The average length of TJ-CGIs was 1089 bp, which was much longer than the average length of CGCs-15 (605 bp), CGCs-20 (727 bp), and UCSC-CGIs (763 bp) (Table 1). Conversely, TJ-CGIs had weaker CpG island features. For example, they had a lower GC content (60.6%) and a lower CpG O/E ratio (0.717) than those of CGCs-15 (GC content = 68.7%, CpG O/E = 0.855), CGCs-20 (GC content = 70.3%, CpG O/E = 0.853), and UCSC-CGIs (GC content = 66.1%, CpG O/E = 0.862) (Table 1). In addition, we used box plot (with the values for maximum, minimum, median, 75% quantile, and 25% quantile) to display the distribution and features of CpG islands identified by each algorithm (Figure 1). Overall, the difference was largely due to the Hackenberg CpG cluster algorithm's tendency to identify short regions with strong CpG island features [8, 10]. This comparison indicated that features of CpG islands or clusters relied on their length—the longer they are, the weaker the features they would have.

Figure 1.

Figure 1

Distribution of features of CpG islands identified by different algorithms. (a) Length. (b) GC content (%). (c) CpG O/E.

CpG islands are often located in the 5′ end of genes; thus, they are considered to be gene markers [3, 32]. Our previous studies showed that the features of CpG islands are different in the promoter and other regions [13, 31]. Therefore, the features of promoter-associated CpG islands are more important than other genomic regions when evaluating the performance of differing CpG island/cluster algorithms. Among the 37,729 TJ-CGIs, we found 13,270 (35.0%) mapped to the promoter regions of 12,521 known genes and, on average, 1.05 TJ-CGIs per gene. Similarly, we found 14,419 (38.8%) of CGCs-15 mapped to 11,292 genes and, on average, 1.28 CGCs per gene, 12,115 (47.6%) of CGCs-20 mapped to 10,245 genes and, on average, 1.18 CGCs per gene, and 12,297 (44.5%) of UCSC-CGIs mapped to 11,744 genes and, on average, 1.05 UCSC-CGIs per gene (Table 1). We observed more CpG clusters than TJ-CGIs and UCSC-CGIs in the promoter regions of genes. One main reason for this finding is that multiple CpG clusters are more likely to be identified within the same promoter region than TJ and UCSC algorithms, and several CpG clusters are often embedded within one single CpG island [10, 11].

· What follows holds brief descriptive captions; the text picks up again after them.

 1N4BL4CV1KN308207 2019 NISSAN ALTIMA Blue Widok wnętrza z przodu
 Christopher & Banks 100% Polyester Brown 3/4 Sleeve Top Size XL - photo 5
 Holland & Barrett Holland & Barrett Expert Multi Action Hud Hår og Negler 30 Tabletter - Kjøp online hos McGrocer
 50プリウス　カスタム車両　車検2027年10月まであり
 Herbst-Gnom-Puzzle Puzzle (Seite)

While the total number of CpG islands or CpG clusters varied among the four algorithms (ranging from 25,454 CGCs-20 to 37,729 TG-CGIs, 1.48-fold difference, Table 1), the number of promoter-associated CpG islands identified by these algorithms was actually similar (ranging from 12,115 CGCs-20 to 14,419 CGCs-15, 1.19-fold difference), confirming that CpG islands are the most important features in the promoter regions. Notably, there would be approximately 5.3-fold difference between the number of TJ-CGIs and CpG clusters when the default parameters are used in these algorithms [10]. The proportion of promoter-associated CpG islands was also very similar, that is, in a range of 35.0% (TJ-CGIs) to 47.6% (CGCs-20), 1.36-fold difference (Table 1). Compared to the features of CpG islands at the whole genome level, the promoter-associated CpG islands showed stronger features, for example, increased length, higher GC content, and larger CpG O/E ratio (Figure 1). These observations are consistent with the previous studies [6, 31], but here, we focused on a specific group of CpG clusters identified by CpG cluster algorithms using stringent criteria that are comparable to a CpG island search.

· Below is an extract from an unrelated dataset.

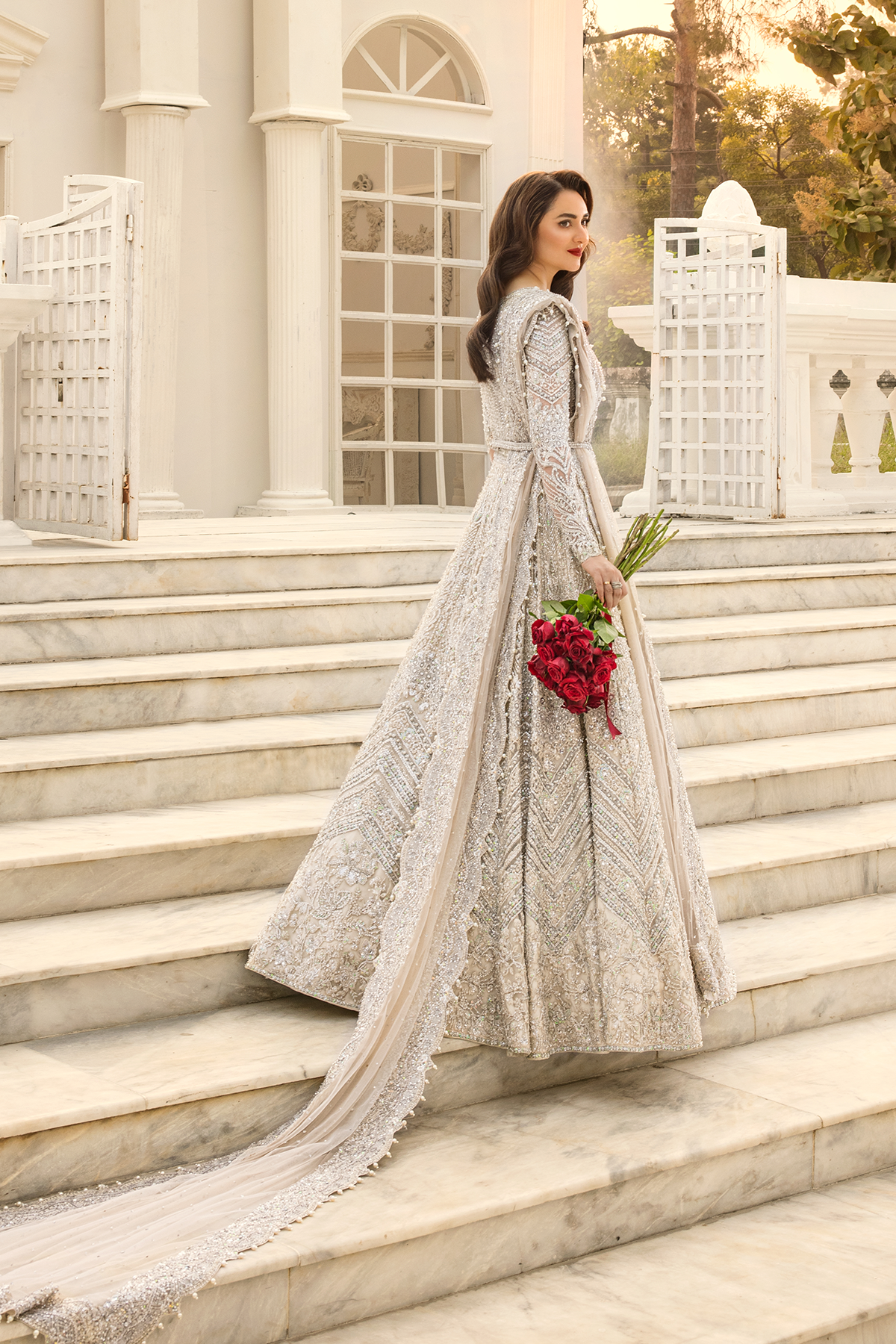 Shop Diamond Dewdrop Online at Erum Khan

3.2. Methylation Status of CpG Islands or Clusters

The methylation level varies within CpG islands [11]. Bock et al. [33] suggested that it should be sufficient to measure average methylation level rather than assaying every single CpG dinucleotide in a genomic region. Considering that suggestion, it would be interesting to evaluate methylation at the whole CpG island or cluster level using the highest resolution methylation data, that is, the base-resolution human methylome data, as previous studies largely relied on limited microarray-based low resolution methylation data or computational prediction [24]. Here, we applied methylation broadness, which we recently proposed and was described in Su et al. [26] to evaluate the methylation level in a CpG island or cluster. The methylation broadness is calculated as the proportion of methylated CpG sites over the total sites in a sequence (i.e., number of methylated CpG sites/total CpG sites) [26]. Since the methylation status is dynamic among different types of cells, we evaluated the methylation level in both the H1 and IMR90 cell lines in the human genome.

At the genome level, our results showed that TJ-CGIs had a higher average methylation level (mC/C ratio = 0.403) than CGCs-15 (mC/C ratio = 0.266), CGCs-20 (mC/C ratio = 0.205), and UCSC-CGIs (mC/C ratio = 0.297) in the H1 cell line. Here, mC/C denotes the ratio of methylated over unmethylated nucleotides C at the CpG sites. A similar pattern could be observed in the IMR90 cell line, as shown in Figure 2.

Figure 2.

Figure 2

Methylation level of the CpG islands or clusters in the whole genomic regions or associated with the promoter regions. (a) Methylation data was based on human methylome from H1 cell line. (b) Methylation data was based on human methylome from IMR90 cell line.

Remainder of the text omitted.